Four and a half years is forever ago in the age of internet and twenty-four hour news. Yet, somehow, concerned mother Schroeder and professional journalist Sidner both missed those and all the subsequent references in National Review and other conservative media. And all the serious, informed, and rational discussion about the chilling effect of speech codes, and the erosion of first amendment rights.

Words to watch for
Beta… Cuck…
Femenoid/femoid…
Redpilled…
Blood and Soil…
14 or 88…
((( )))…

That’s quite an impressive list that they have assembled, and some of them are actual white supremacist dogwhistles: “Blood and Soil;” 14; 88; and the “echo,” those three nested parentheses denoting the thing contained within is (((Jewish))). But it should be noted that the echo has also been coopted by Jews and is often used ironically. Schroeder is right to be concerned about teenagers using those phrases. But including the phrases “SJW,” “snowflake,” and “triggered” in that laundry list only fans the flames of hysteria and undermines Schroeder’s already dubious credibility.

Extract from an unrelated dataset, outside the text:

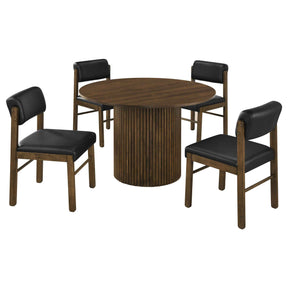 Hamlyn Black/Walnut 5-piece Round Wood Dining Set by Coaster at Eve Furniture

The first word I heard was “triggered,” and that’s a tough one. You may hear this from your conservative uncle, and you may also hear this from a kid who’s getting a lot of alt-right messaging online, and that’s everyone’s too sensitive today. -Schroeder, CNN interview

About the term “triggering” – Schroeder seems unaware that the term was originally a legit feminist term, explained to us back in June, 2015, by Gillian Brown on that unimpeachably feminist website Everyday Feminism. That the term has been so thoroughly co-opted by relentless parody that she is only familiar with its ironic usage must be as disappointing to Schroeder as having her lack of familiarity with feminist rhetoric exposed.

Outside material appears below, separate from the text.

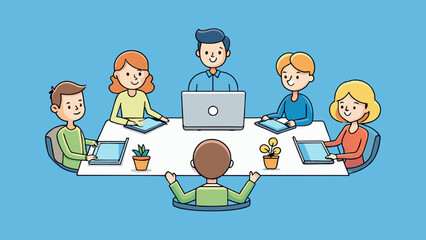 Poster - A group of people sitting around a table each person with a different role and responsibility. This represents the association between teamwork and. Cartoon Vector.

This guy understood the role of media in creating moral panics all the way back in 1964. He would have referred to Schroeder as a “moral entrepreneur.”

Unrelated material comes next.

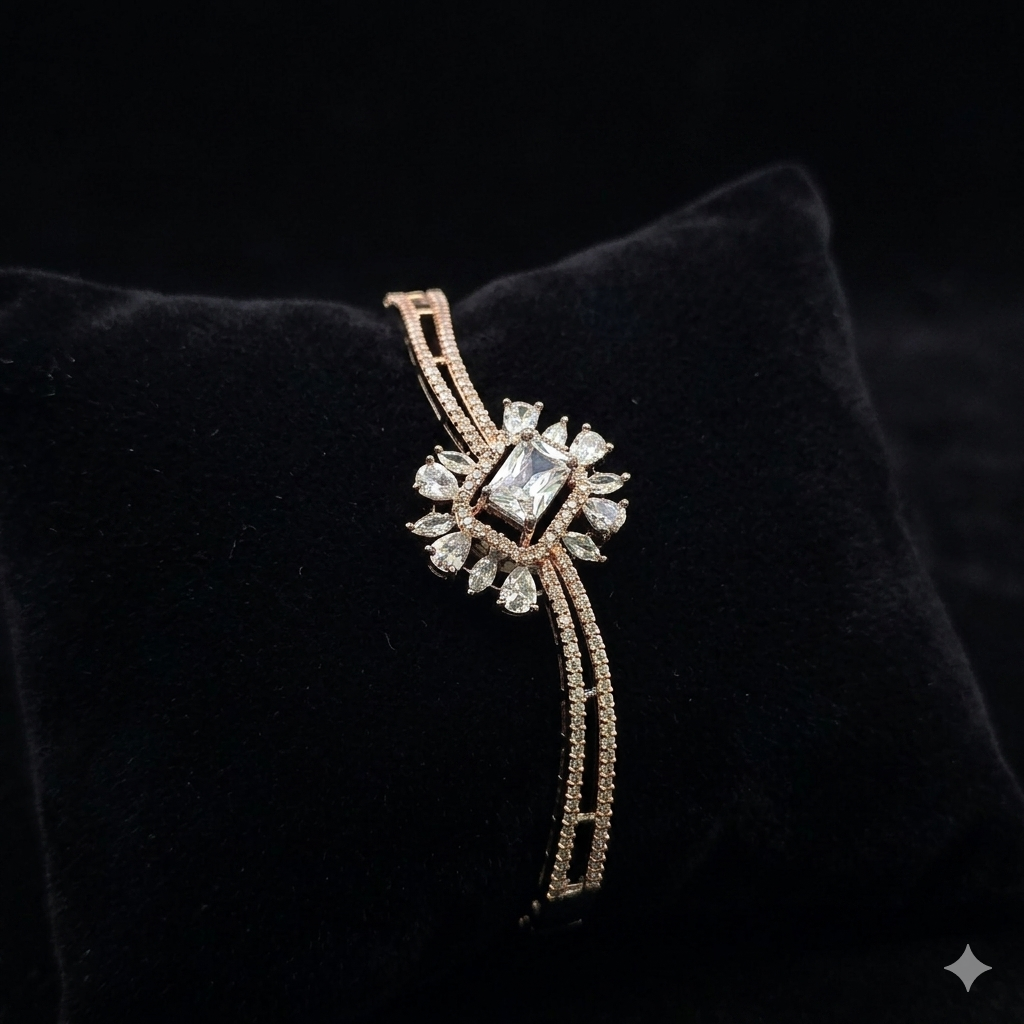 Luxury Rose Gold & Oxidized Sunburst CZ Bracelet | سوار الزركون الفاخر بتصميم الشمس بلون الروز جولد المؤكسد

Schroeder does grudgingly acknowledge during her CNN interview that not all those “words to watch for” are racist, but some are “gateways.” The slippery slope argument, hinted at. Just like Marijuana is a “gateway drug” and every person who takes a puff from a “reefer” will eventually end up a heroin addict. And then there is the slippery conflation of mere mockery with inevitable racism and homophobia, since according to the article the term Snowflake is used to mock people “especially [emphasis added] about issues impacting minorities.” SJW, we are informed, “is a term used to mock civil rights activists.”

These terms are being used to mock and push back against the speech police, wannabe censors and their enablers such as Schroeder. The whole point of “triggering,” in the original usage anyway, is the conflation of speech with actual physical violence. This is unacceptable to those of use in the Liberty community, and moral scolds such as Schroeder must always be seen as enemies of free speech.